In this embodiment, the speaker module described in the following embodiments may be adopted for both the receiver 500 and the speaker module 600. In some other embodiments, a speaker module with another structure may be adopted for the receiver 500, and the speaker module described in the following embodiments may be adopted for the speaker module 600; or the speaker module described in the following embodiments may be adopted for the receiver 500, and a speaker module with another structure may be adopted for the speaker module 600.

It should be understood that the orientation terms such as “top” and “bottom” involved in this application are described with reference to the orientation when the user holds the electronic device 1000 in a hand, as shown in FIG. 1, where a positive direction of the Y-axis is taken as the “top” and a negative direction of the Y-axis is taken as the “bottom”. The terms do not indicate or imply that a specified apparatus or element needs to have a specific orientation and be constructed and operated in a specific orientation, therefore should not be understood as a limitation on this application.

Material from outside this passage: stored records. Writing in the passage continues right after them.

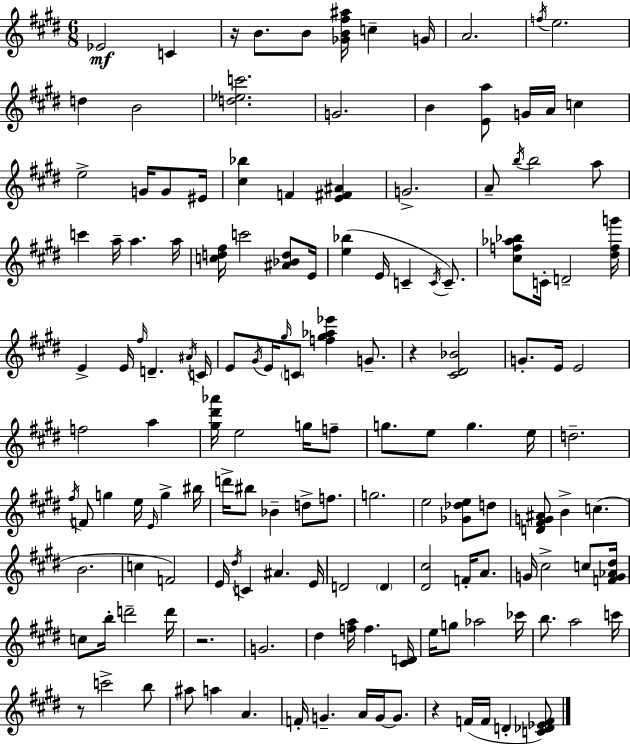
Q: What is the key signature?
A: E major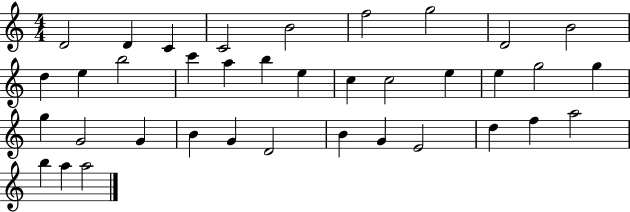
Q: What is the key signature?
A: C major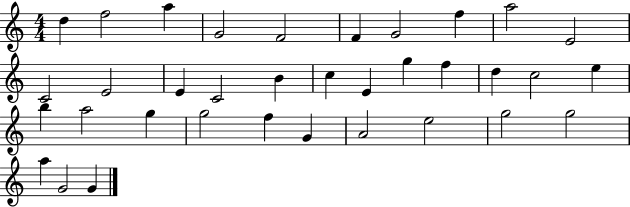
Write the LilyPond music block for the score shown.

{
  \clef treble
  \numericTimeSignature
  \time 4/4
  \key c \major
  d''4 f''2 a''4 | g'2 f'2 | f'4 g'2 f''4 | a''2 e'2 | \break c'2 e'2 | e'4 c'2 b'4 | c''4 e'4 g''4 f''4 | d''4 c''2 e''4 | \break b''4 a''2 g''4 | g''2 f''4 g'4 | a'2 e''2 | g''2 g''2 | \break a''4 g'2 g'4 | \bar "|."
}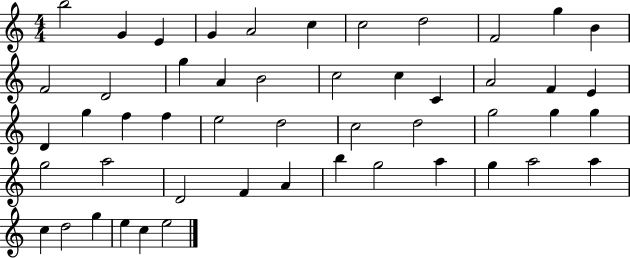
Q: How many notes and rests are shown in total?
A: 50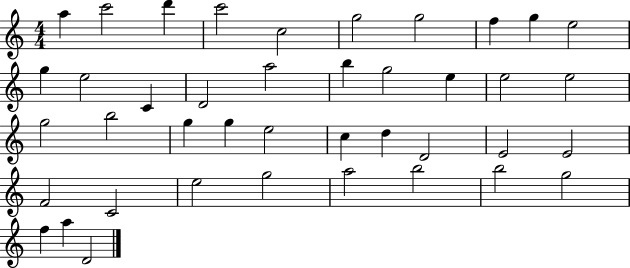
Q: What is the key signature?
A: C major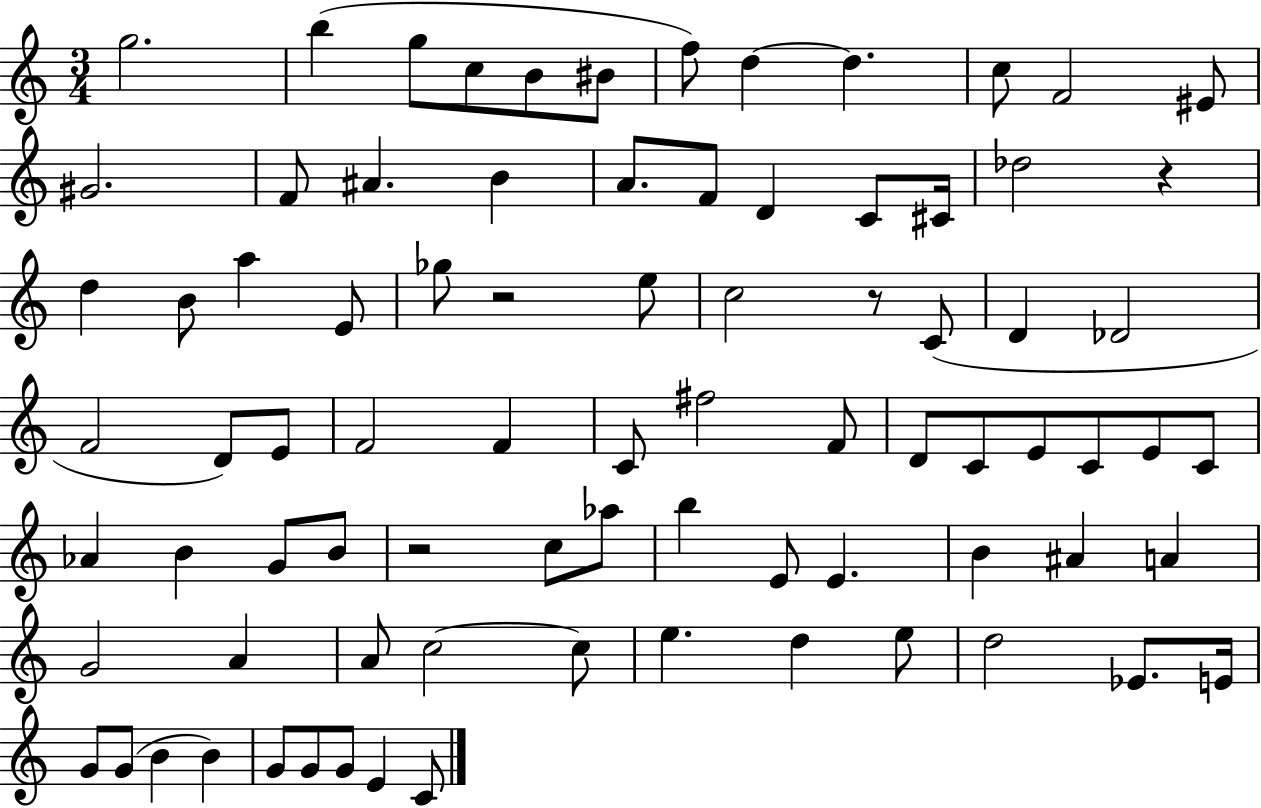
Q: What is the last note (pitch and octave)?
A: C4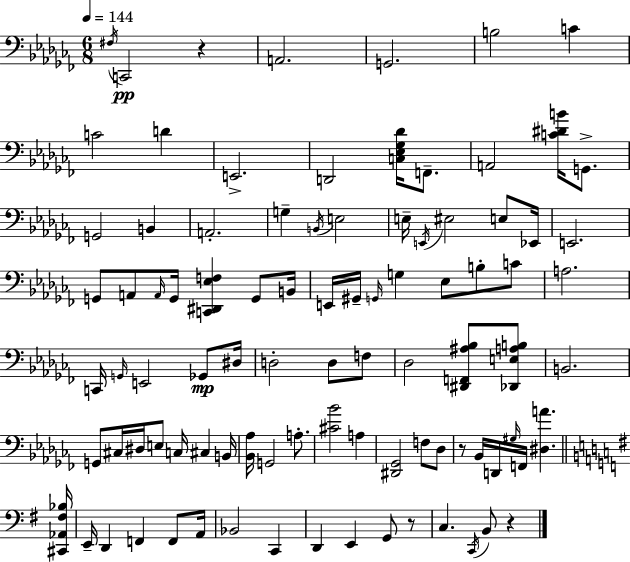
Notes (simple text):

F#3/s C2/h R/q A2/h. G2/h. B3/h C4/q C4/h D4/q E2/h. D2/h [C3,Eb3,Gb3,Db4]/s F2/e. A2/h [C4,D#4,B4]/s G2/e. G2/h B2/q A2/h. G3/q B2/s E3/h E3/s E2/s EIS3/h E3/e Eb2/s E2/h. G2/e A2/e A2/s G2/s [C2,D#2,Eb3,F3]/q G2/e B2/s E2/s G#2/s G2/s G3/q Eb3/e B3/e C4/e A3/h. C2/s G2/s E2/h Gb2/e D#3/s D3/h D3/e F3/e Db3/h [D#2,F2,A#3,Bb3]/e [Db2,E3,A3,B3]/e B2/h. G2/e C#3/s D#3/s E3/e C3/s C#3/q B2/s [Bb2,Ab3]/s G2/h A3/e. [C#4,Bb4]/h A3/q [D#2,Gb2]/h F3/e Db3/e R/e Bb2/s D2/s G#3/s F2/s [D#3,A4]/q. [C#2,Ab2,F#3,Bb3]/s E2/s D2/q F2/q F2/e A2/s Bb2/h C2/q D2/q E2/q G2/e R/e C3/q. C2/s B2/e R/q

It should be noted that during working of an existing speaker module, the vibration assembly vibrates, causing gas pressure in a back cavity of the speaker module to change. Since a front cavity of the speaker module is in an open state, a change rate of gas pressure in the front cavity is less than a change rate of the back cavity, causing a diaphragm of the vibration assembly to deform or swing, causing the speaker module to produce noise during working, and affecting the audio performance of the speaker module. Next, the structure of the speaker module 600 shown in this embodiment of this application is described.

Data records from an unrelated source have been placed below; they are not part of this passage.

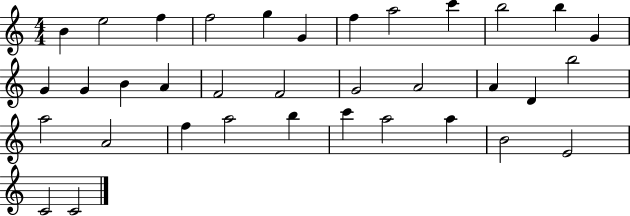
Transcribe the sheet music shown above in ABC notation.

X:1
T:Untitled
M:4/4
L:1/4
K:C
B e2 f f2 g G f a2 c' b2 b G G G B A F2 F2 G2 A2 A D b2 a2 A2 f a2 b c' a2 a B2 E2 C2 C2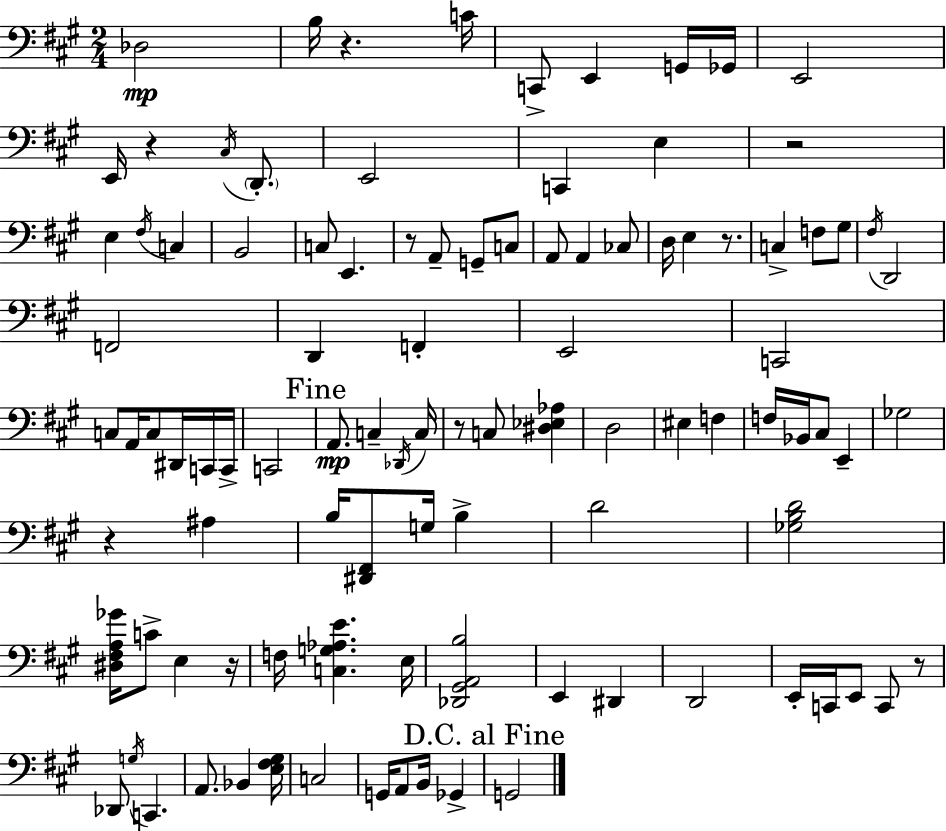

Refer to FIG. 2, FIG. 3, and FIG. 4. FIG. 2 is a schematic diagram of a structure of the speaker module 600 in the electronic device 1000 shown in FIG. 1, FIG. 3 is a schematic diagram of a partially exploded structure of the speaker module 600 shown in FIG. 2, and FIG. 4 is a schematic diagram of a structure of the speaker module 600 shown in FIG. 2 that is cut along I-I. Cutting along I-I refers to cutting along a plane on which the I-I line is located.

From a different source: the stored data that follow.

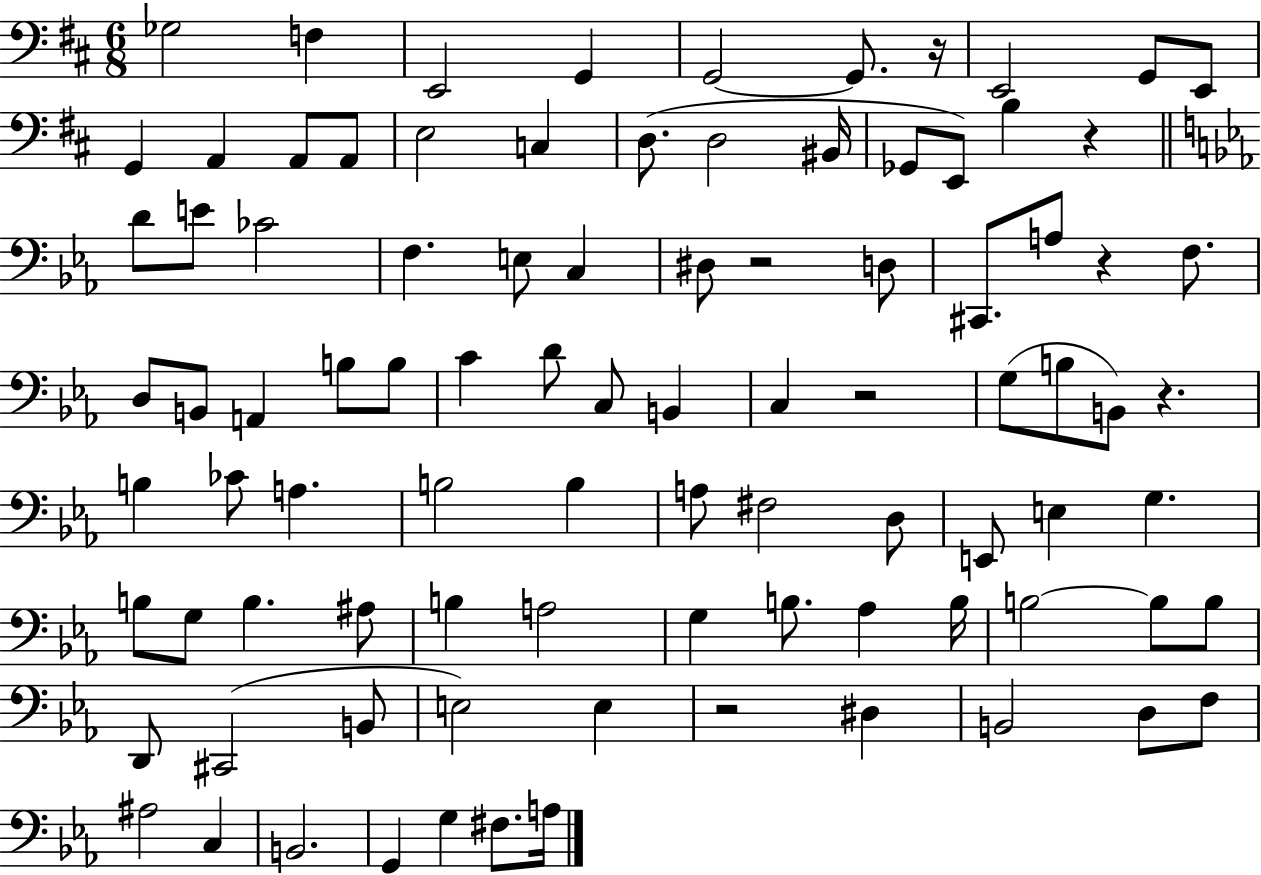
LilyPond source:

{
  \clef bass
  \numericTimeSignature
  \time 6/8
  \key d \major
  ges2 f4 | e,2 g,4 | g,2~~ g,8. r16 | e,2 g,8 e,8 | \break g,4 a,4 a,8 a,8 | e2 c4 | d8.( d2 bis,16 | ges,8 e,8) b4 r4 | \break \bar "||" \break \key ees \major d'8 e'8 ces'2 | f4. e8 c4 | dis8 r2 d8 | cis,8. a8 r4 f8. | \break d8 b,8 a,4 b8 b8 | c'4 d'8 c8 b,4 | c4 r2 | g8( b8 b,8) r4. | \break b4 ces'8 a4. | b2 b4 | a8 fis2 d8 | e,8 e4 g4. | \break b8 g8 b4. ais8 | b4 a2 | g4 b8. aes4 b16 | b2~~ b8 b8 | \break d,8 cis,2( b,8 | e2) e4 | r2 dis4 | b,2 d8 f8 | \break ais2 c4 | b,2. | g,4 g4 fis8. a16 | \bar "|."
}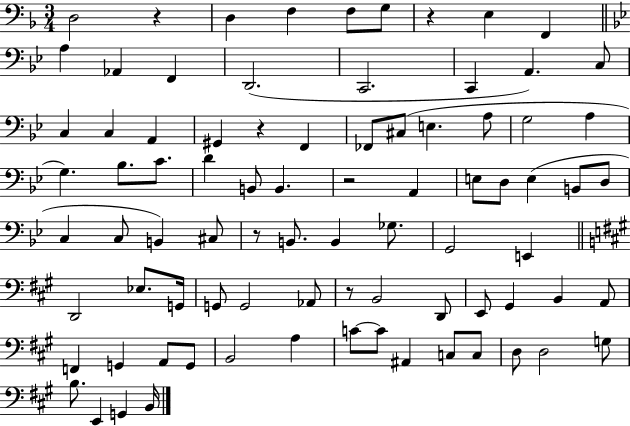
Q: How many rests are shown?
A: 6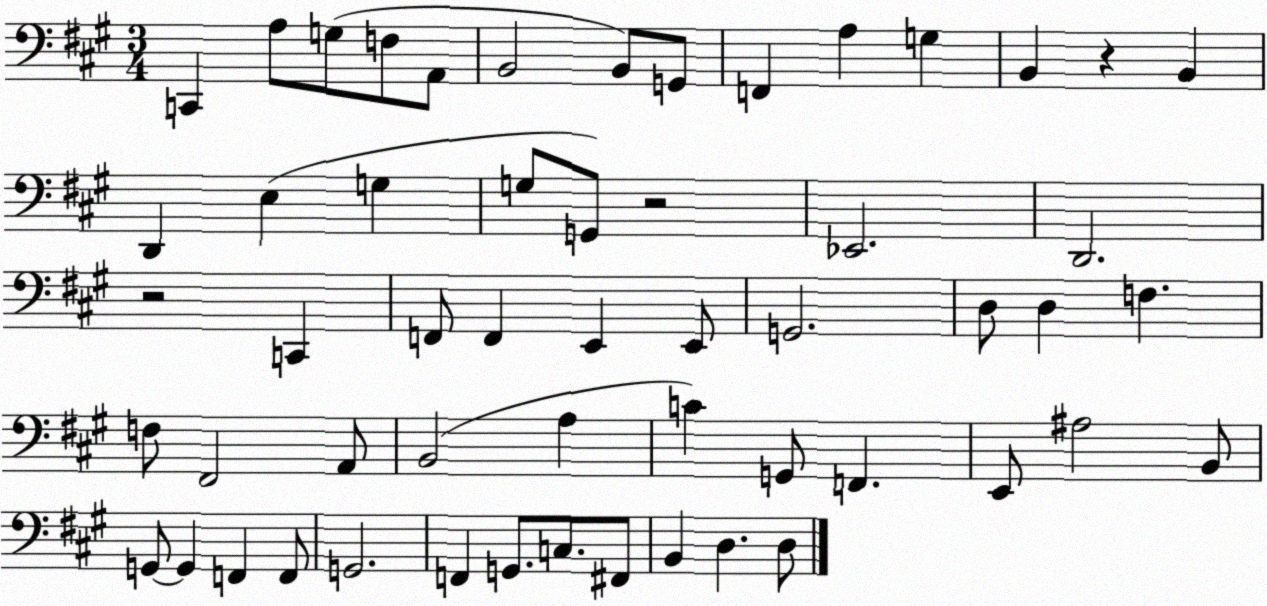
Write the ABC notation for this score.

X:1
T:Untitled
M:3/4
L:1/4
K:A
C,, A,/2 G,/2 F,/2 A,,/2 B,,2 B,,/2 G,,/2 F,, A, G, B,, z B,, D,, E, G, G,/2 G,,/2 z2 _E,,2 D,,2 z2 C,, F,,/2 F,, E,, E,,/2 G,,2 D,/2 D, F, F,/2 ^F,,2 A,,/2 B,,2 A, C G,,/2 F,, E,,/2 ^A,2 B,,/2 G,,/2 G,, F,, F,,/2 G,,2 F,, G,,/2 C,/2 ^F,,/2 B,, D, D,/2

For example, a length direction of the speaker module 600 is the X-axis direction shown in the figure, a width direction of the speaker module 600 is the Y-axis direction shown in the figure, and a thickness direction of the speaker module 600 is the Z-axis direction shown in the figure.

The speaker module 600 includes a shell 10, a speaker core 20, a damping film 30, and a connecting board (not shown in the figure). The speaker core 20 is mounted on an inner side of the shell 10 and divides the inner side of the shell 10 into a front cavity 601 and a back cavity 602. The speaker core 20 may convert an electrical signal into a sound signal. The shell 10 is provided with a through hole 101, and the through hole is communicated with the front cavity 601 and the back cavity 602. The damping film 30 is mounted on the inner side of the shell 10 and covers the through hole 101. The connecting board may be a circuit board. One end of the connecting board is located on the inner side of the shell 10 and is electrically connected to the speaker core 20. The other end of the connecting board is located on an outer side of the shell 10 to electrically connect to an external assembly of the speaker module 600. For example, the other end of the connecting board may be electrically connected to the processor 400 (as shown in FIG. 1).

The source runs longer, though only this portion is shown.